On the fence. That's where Baltimore area bookstore owners are when it comes to guessing public demand for "Monica's Story," the account by Monica Lewinsky of her dalliance with the president. The book will be in bookstores nationwide March 4.
They cite the "all-right already" factor. The public is tired.
The sick factor. As the president himself noted, "She's a troubled girl."
The price factor. Why buy a $24.95 hardcover when special prosecutor Ken Starr tells the story in a $5 paperback?
Monica's "been pretty exposed in public throughout the process and I don't know how much more she can tell that people are interested in reading," says Brian Weese, president of Bibelot of Baltimore, which ordered a modest 75 copies for each of its three stores.
Book sales could be where Starr wins in this morality play. His report, with 1.5 million-plus copies in print, was possibly the most sought-after secret government document since the Pentagon Papers. Have Americans changed so dramatically in 25 years that they will exhibit the same demand for information about sex they once did for war?

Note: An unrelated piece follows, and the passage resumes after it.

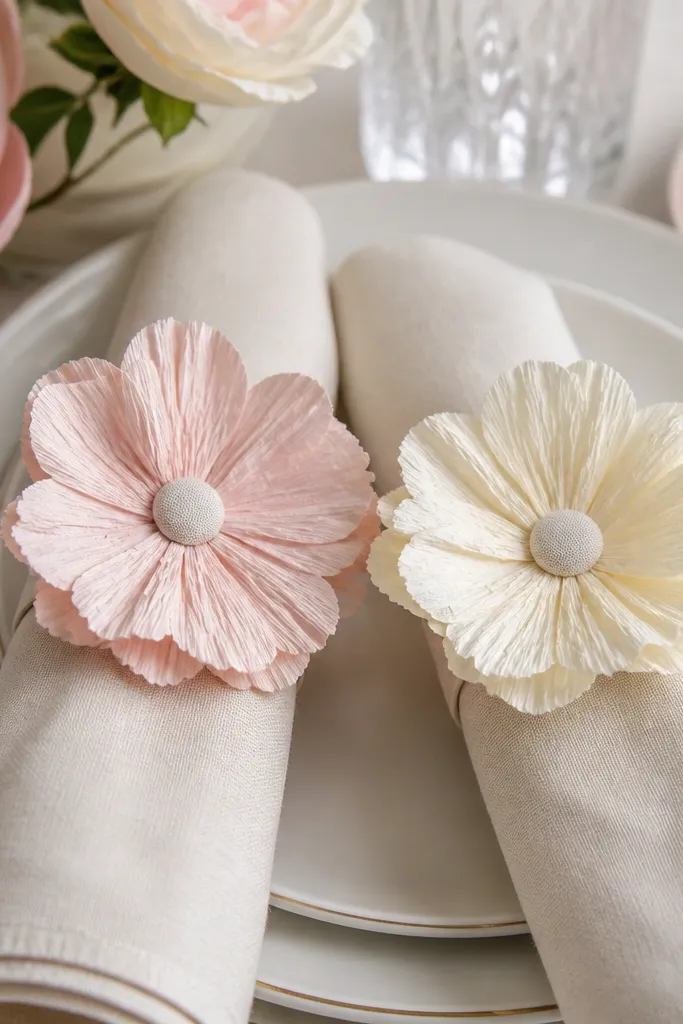 Napkin rings made from crepe paper flowers in cream and blush with small fabric-covered button centers. The rings sit around folded linen napkins on a dining table setting.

St. Martin's Press acquired North American rights to "Monica's Story" for around $600,000 from Michael O'Mara Books of London. With an initial hardcover printing of 400,000 -- the largest ever for any book by St. Martin -- publicity is expected to be grand. For starters, there's Lewinsky's 90-minute television interview with ABC's Barbara Walters on the eve of publication. A national book tour by either or both of the co-authors is being discussed this week, says a St. Martin's publicist.
The idea of anyone lining up for Monica's signature makes some book dealers shudder.
"You go to book signings of people you respect, authors you love," sniffs Parissa Snider, head of community affairs for Barnes & Noble at the Power Plant at the Inner Harbor. On the other hand, "everybody has an audience."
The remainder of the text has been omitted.